Over the past five years, Gluten Free Watchdog has been testing oat products labeled gluten-free that list oats as the first or second ingredient. In all, they've done professional testing on thirty-five different commercial products. They've recently released their findings, and while they don't name any names, they do offer some good general insight into gluten-contamination levels in general.
Based on testing data from Gluten Free Watchdog, oat products labeled gluten-free have an almost three times higher risk of gluten contamination as compared to labeled gluten-free foods as a whole. The results showed 28 of 35 or 80% of oat products testing below 5 parts per million of gluten, and 2 of 35 or 6% of oat products testing at or above 5 ppm but below 20 ppm of gluten. Meanwhile, 5 of 35 or 14% of oat products tested at or above 20 ppm of gluten.

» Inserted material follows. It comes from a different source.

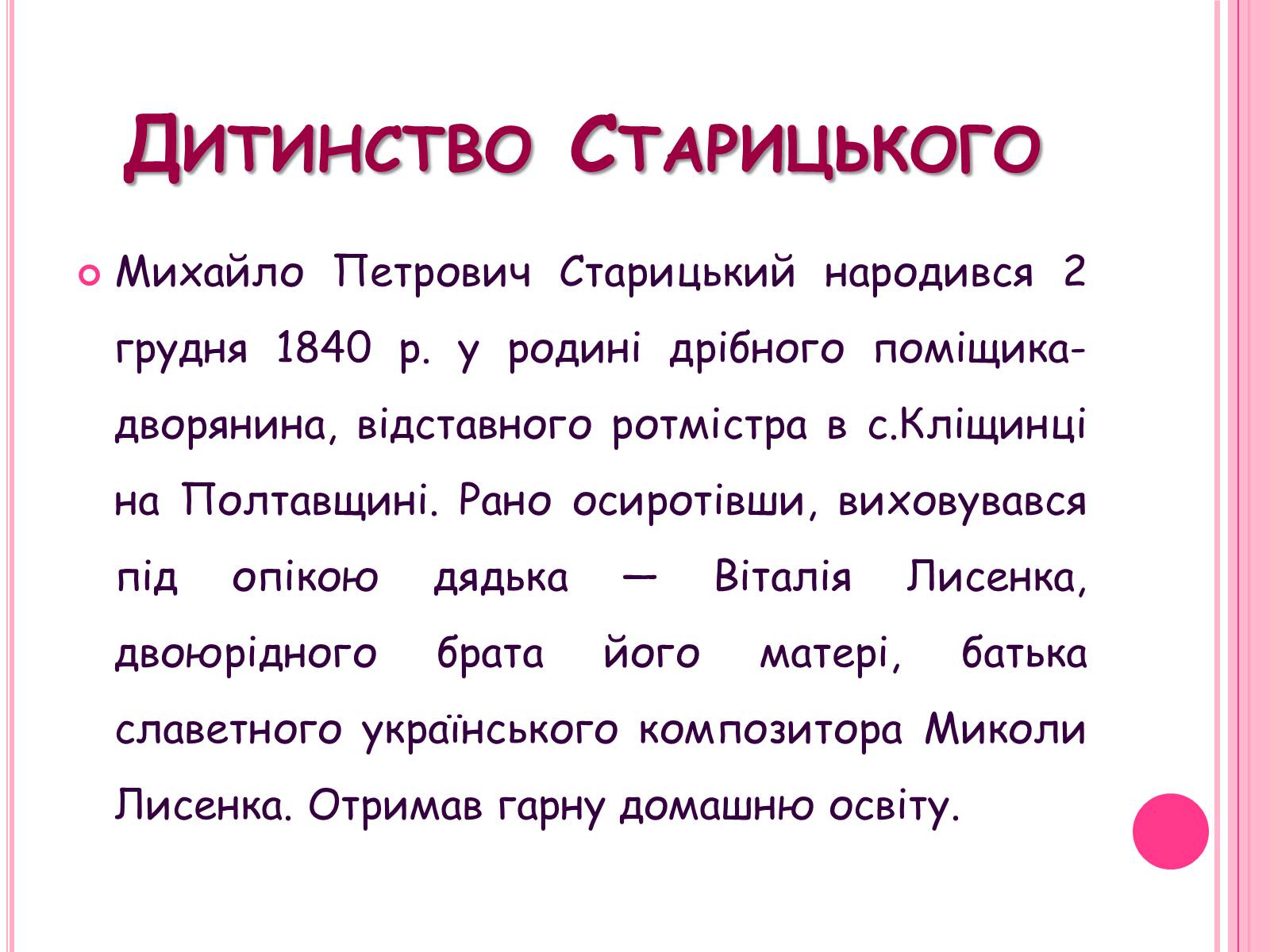 Презентація на тему «Михайло Старицький» (варіант 5) - Слайд #2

The good news, of course, is that 86% percent oat products tested below 20 parts per million of gluten, but that's not nearly as good as the 95% of all gluten-free foods tested to date that have tested below 20 ppm of gluten.
So, the bad news is that the 14% of oat products testing at or above 20 ppm of gluten is nearly three times higher than for gluten-free foods in general.

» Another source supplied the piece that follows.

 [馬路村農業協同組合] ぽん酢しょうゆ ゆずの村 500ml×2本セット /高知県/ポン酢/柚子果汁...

Main culprits testing at or above 20 ppm of gluten included "gluten-free" labeled oat breadcrumbs, rolled oats, granola, hot oat cereal, and granola.
Gluten Free Watchdog's main recommendation for consumers is to know the source of the oats you are eating, and to make sure you're getting your oats form a safe and trustworthy source. If you have a concern, check with the manufacturer to make sure they source ALL oats from a supplier of purity protocol oats, such as GF Harvest, Avena, Montana Gluten-Free.